Classification Trees Startup Panel - Sampling Options Tab

Select the Sampling options tab of the Classification Trees Startup Panel to access the options described here.

Sampling parameters. There are three boxes under Sampling parameters: Seed for random number generator, V-fold cross-validation; v-value, and p-value for split variable selection. Enter values in these boxes to control the sampling that Statistica performs to obtain cross-validation error estimates.

Seed for random number generator. The positive integer value entered in the Seed for random number generator box is used as a seed for a random number generator that produces V-fold random subsamples from the learning sample to test the predictive accuracy of the computed classification trees.

V-fold cross-validation; v-value. The value entered in the V-fold cross-validation; v-value box determines the number of cross-validation samples that are generated from the learning sample to provide an estimate of the CV cost for each classification tree in the tree sequence. For example, if the default 3-fold cross-validation is performed, three random samples are generated from the learning sample. The cases in two of the three samples in turn are used in the computations for the classification trees, while the cases in the remaining sample are used to provide a test of the predictive accuracy of the computed classification trees.

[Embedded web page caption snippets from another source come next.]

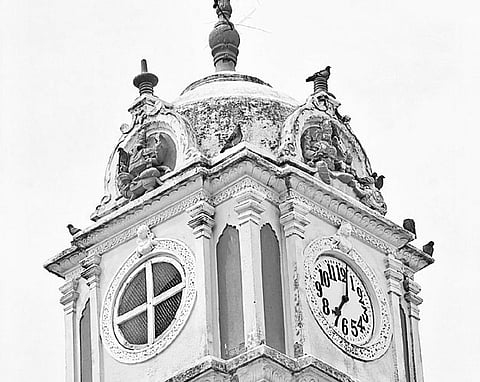 Tirumalai Nayakar Mahal Clock Stops
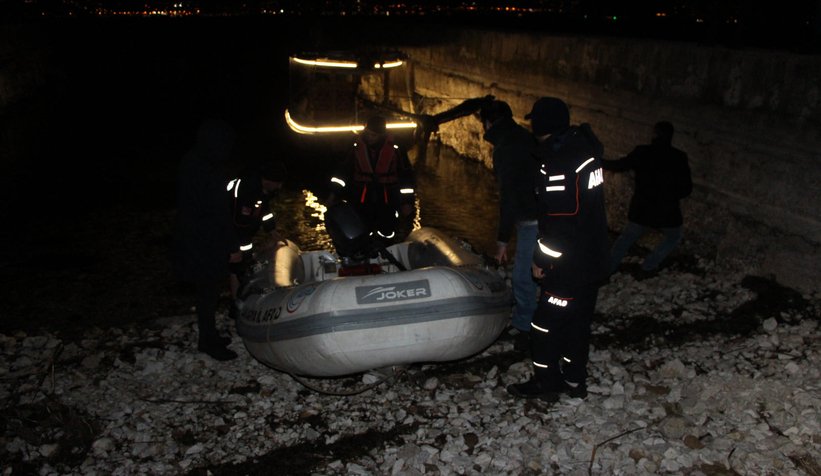 Sapanca Gölü'nde mahsur kaldılar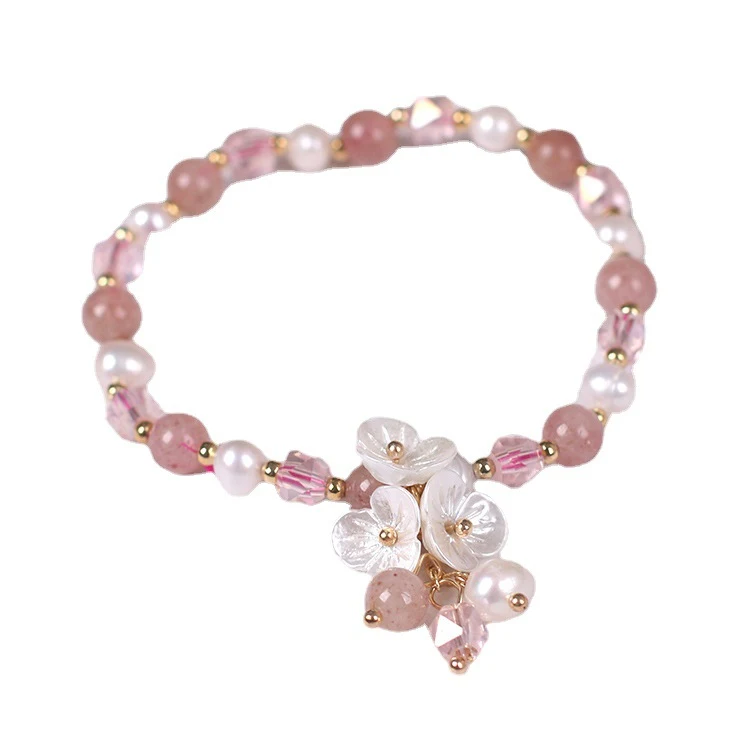 Bracelet coréen Ins avec perle d'eau douce, fraise et cristal. Bijou femme avec fleur de coquillage, style élégant et tendance.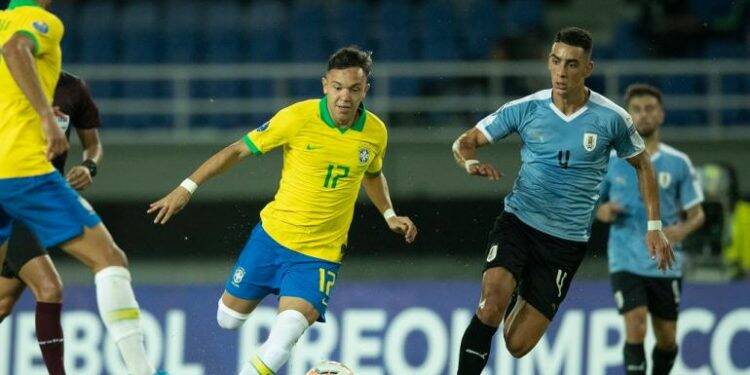Iguaçuense Pepê marca golaço na vitória da Seleção Pré Olímpica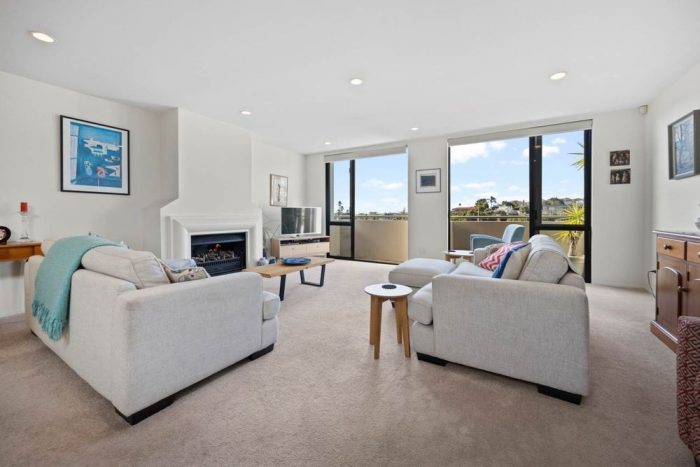 17 John Stokes Terrace, Remuera, Auckland, 1050, New Zealand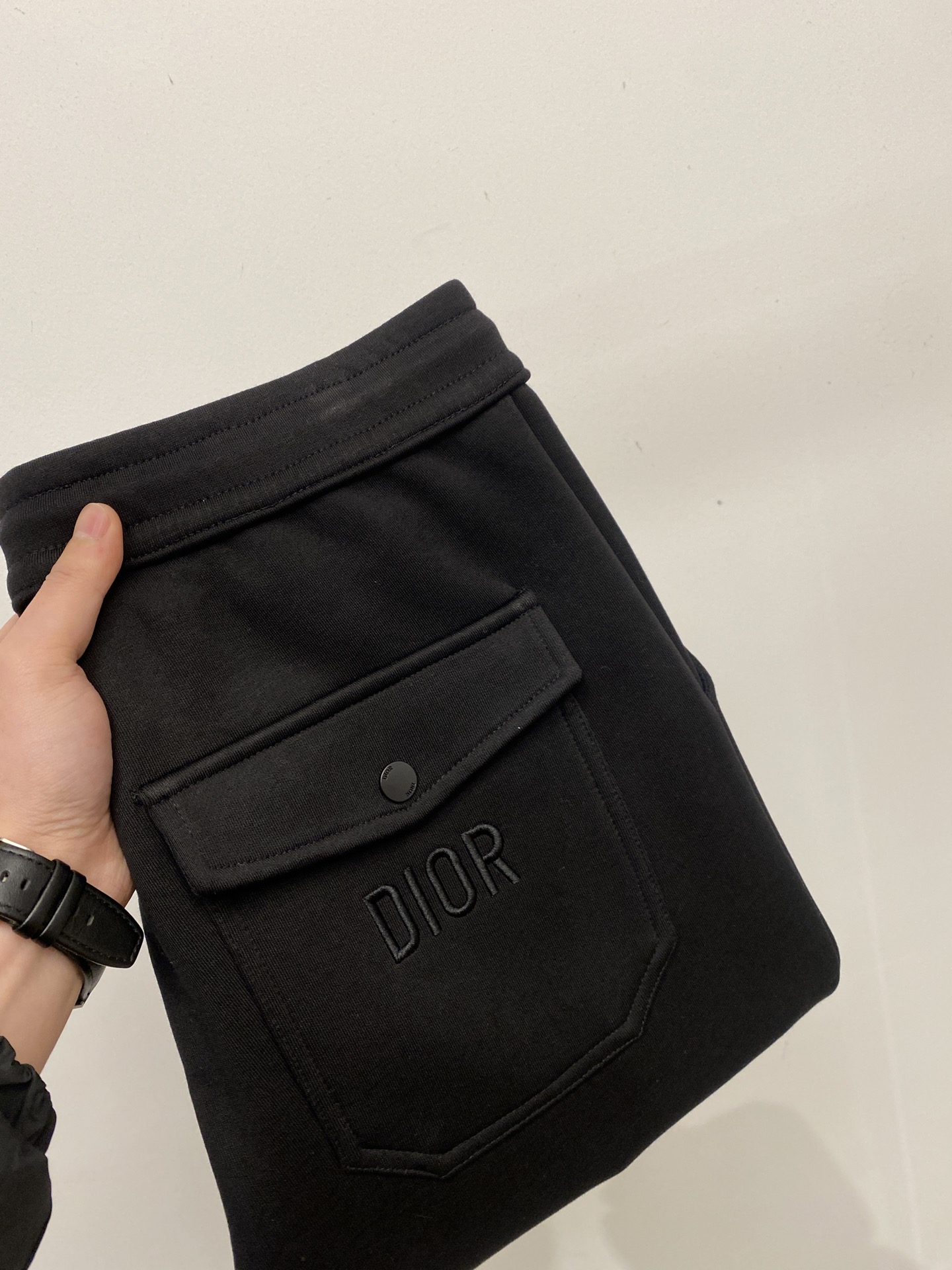 迪奥、2025爆款休闲裤 高弹显瘦必爆简约百搭爆款，做工精细，每一针都看得到用心，超多明星网红最爱 拉长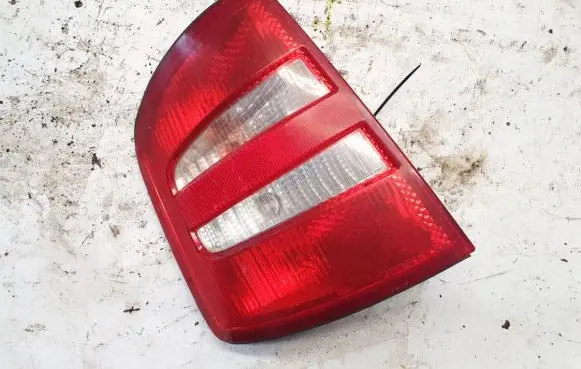 Skoda Fabia Mk1 (6Y) Rear/tail lights yu3x13405aa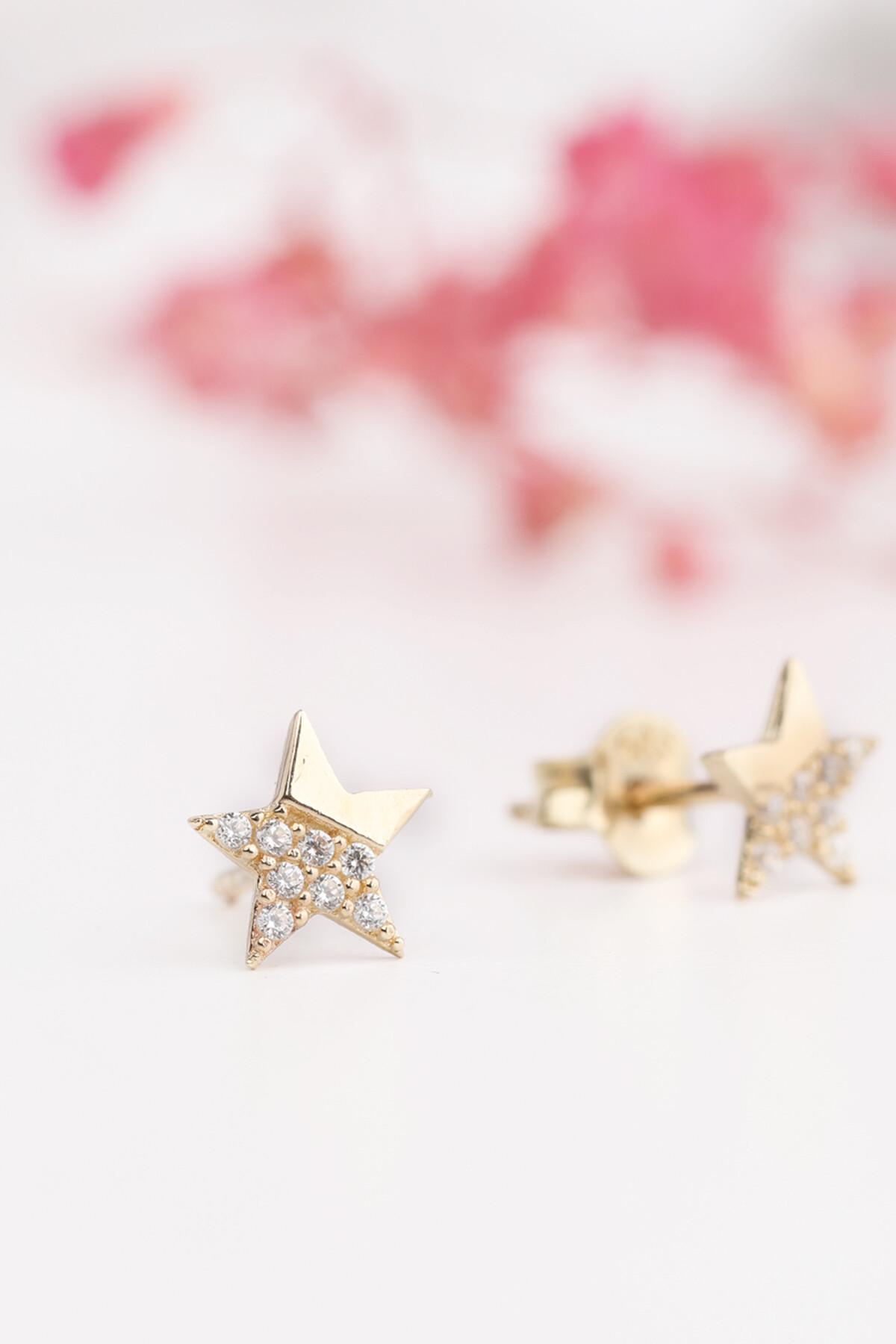 14 Ayar Altın Yıldız Küpe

p-value for split variable selection. The value entered in the p-value for split variable selection box is used in the split variable selection process when a Discriminant-based split selection method has been selected. The p-value is used to determine whether the significance of Levene's F (a statistical test that is robust to violations of the distributional assumptions for ANOVA) or the significance of a standard univariate F is used as the criterion for split variable selection.